GOAL OF THE EXERCISE
No pictures belong in the copy. Reproduce exactly the lines beginning at the line containing "Used 1999 MAZDA MX-5 Miata RWD image 17" and continuing to the end of the entries below.
· · ·
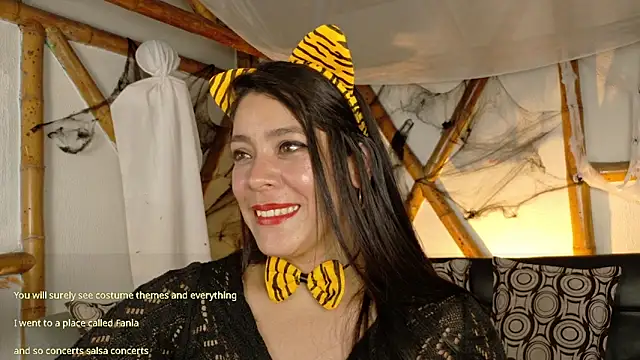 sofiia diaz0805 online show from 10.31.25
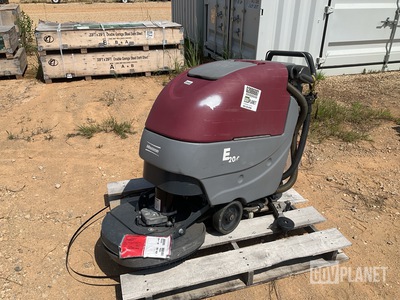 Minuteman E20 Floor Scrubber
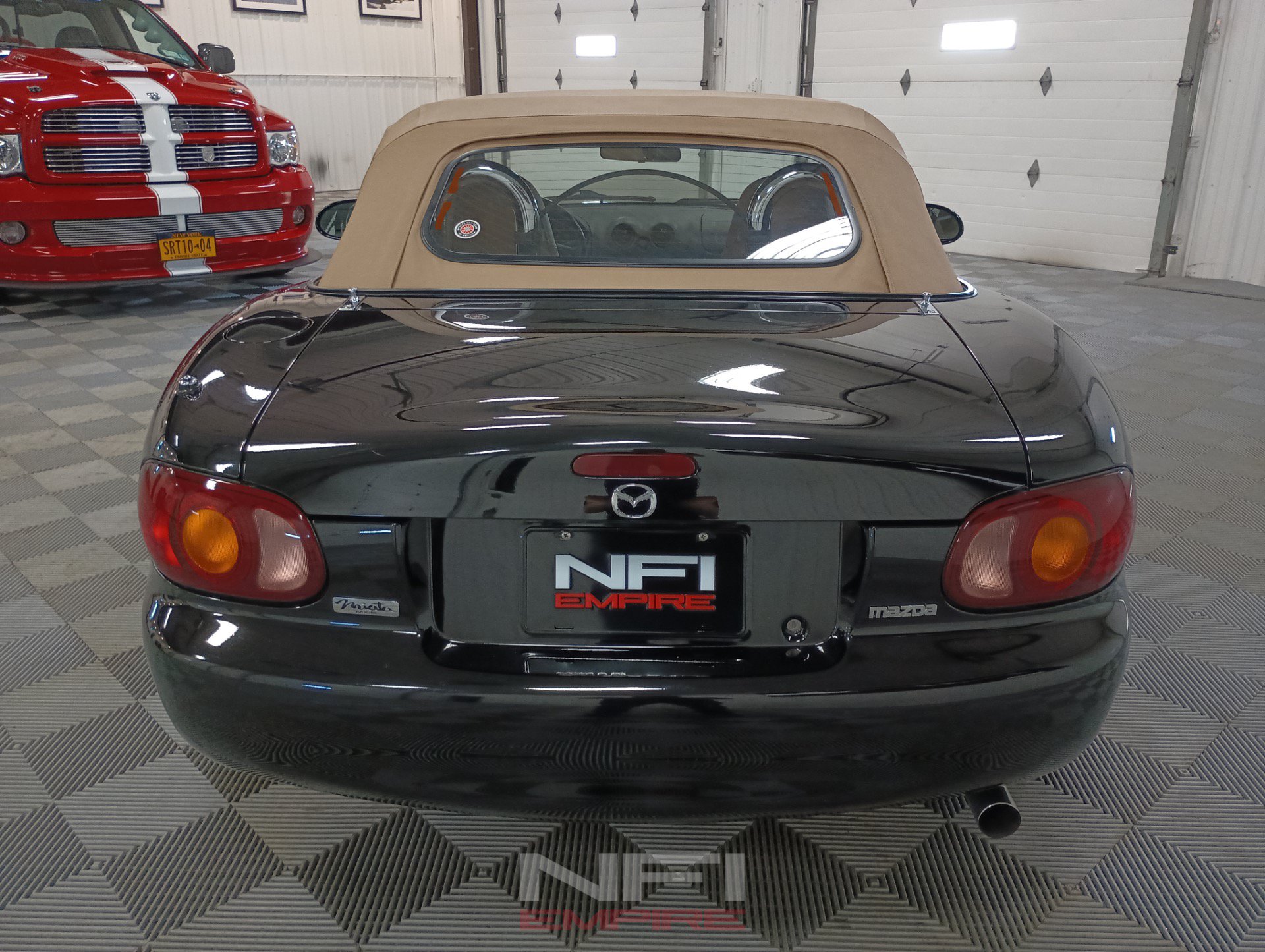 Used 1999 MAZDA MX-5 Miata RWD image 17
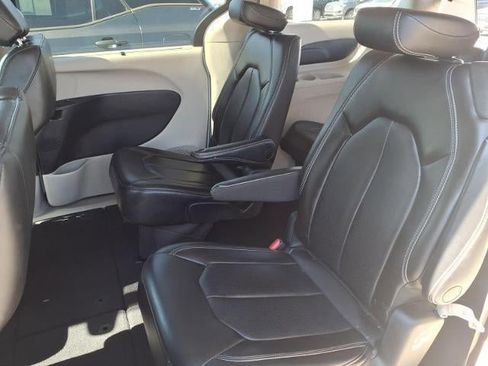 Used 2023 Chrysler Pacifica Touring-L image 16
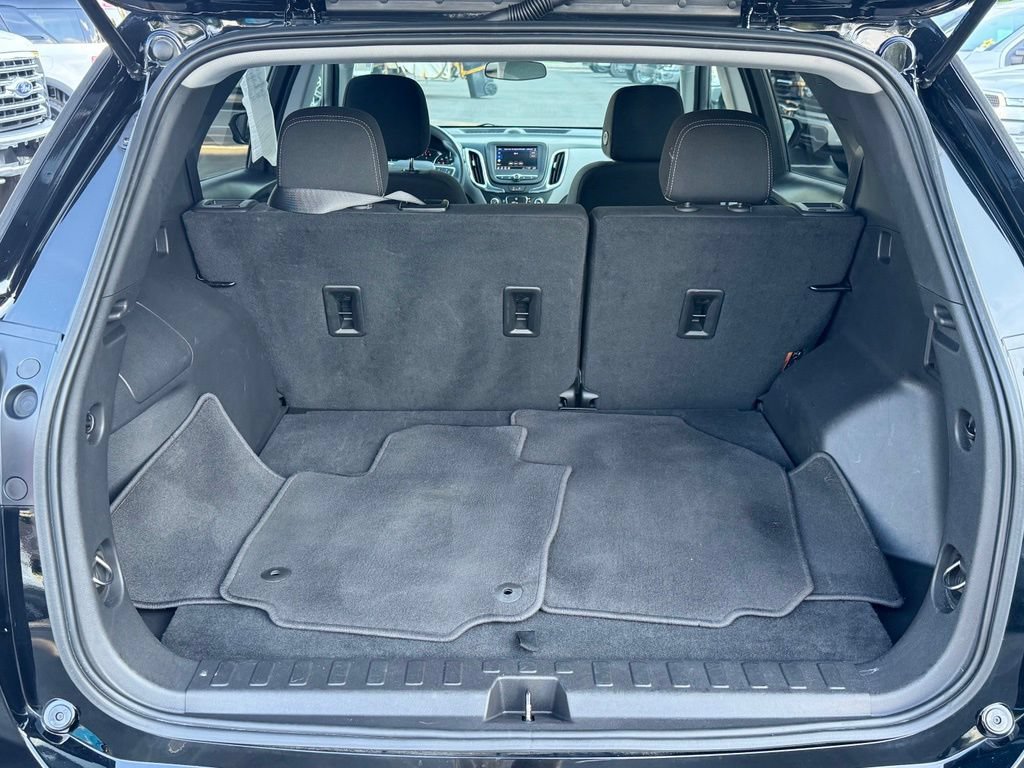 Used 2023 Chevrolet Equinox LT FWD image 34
· · ·
THE COMPLETED TASK
 Used 1999 MAZDA MX-5 Miata RWD image 17
 Used 2023 Chrysler Pacifica Touring-L image 16
 Used 2023 Chevrolet Equinox LT FWD image 34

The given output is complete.